Linear Interpolation Using Microsoft Excel Tables 2


Linear interpolation according to Wikipedia is a method of curve fitting using linear polynomials to construct new data points within a discrete set of known points. Or more appropriately defined as getting the value in a numerical table which almost always lies somewhere between known values when you are looking for a result in a hurry.

Getting by with finding the slope and using y = mx + b was fine during university, as courses were short-term and you moved on. Out in the workforce, you may find yourself needing to interpolate to get a rating on a flange or valve and usually not just looking up one but many for all the equipment in a register which is continually changing throughout the project life-cycle.

Back when I started my first job in Mississauga Ontario, I was tasked with going through the spreadsheets and checking equations. That was the first time I came across the VLOOKUP function. I used that function over the following ten years until I stumbled upon the INDEX and MATCH beautiful combination.

I found myself continually needing to lookup values for calculations or for reporting. Once I discovered the INDEX and MATCH, I discovered more uses every day. One of the primary applications was interpolating data from a table. I worked my way around a solution and discovered the equation was enormous and truthfully daunting. I knew that while it worked, I was worried how I could recreate it for other works. Hence this post. I will step through the process of setting up an input table and getting a results table with minimal effort and an equation that can be copied right from here into a cell and voilà.

I have broken up the post in 2 section, the first part I will go through 6 steps from a blank sheet to a fully functional formatted table with linear interpolated results. At which point, feel free to knock off. In the second part, I will discuss in detail all intermediate calculations to show precisely how the equation works. You’d have to be pretty keen to read that part as it is long-winded but if you are like me, and want to know how something is working before putting it into use, then I recommend having a read through it.

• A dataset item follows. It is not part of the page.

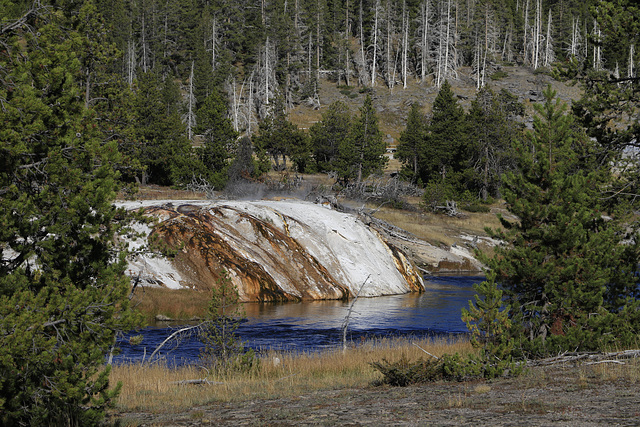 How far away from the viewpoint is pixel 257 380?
40.6 ft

Written Equation and Graph

Linear Interpolation Equation and Graph

Part 1: 6 Steps to Interpolating Like a Pro

1 – Compile your data

Compile your data into your spreadsheet.

Raw Data

Raw Data for Finding Values During Interpolation

2 – Convert your Data into a Table

a. Select your data > Data > Insert > Table (Click the checkbox the My Table has headers

Windows with arrows

Converting Data to a Table

b. Click the Table > Design > Table Name > Enter T_Inputs > Press Enter

Excel ribbon for Table Name

Renaming an Excel Table Name

c. Data Formatted as a Table

Raw data in Table Format

Raw Data Converted to an Excel Table 

3 – Set up your Results Data

Create a table with three columns and name them as shown below (can change later). Add a few rows of info in the first two columns.

Results Data Table

Set up of the Results Data

4 – Convert you Results Data into a Table

Repeat step 2 BUT name this Table T_Results

Results Data in a Table

Results Table Converted to an Excel Table

5 – Copy the Equation Into your Results Table

Copy the formula and paste it into any cell in the y column.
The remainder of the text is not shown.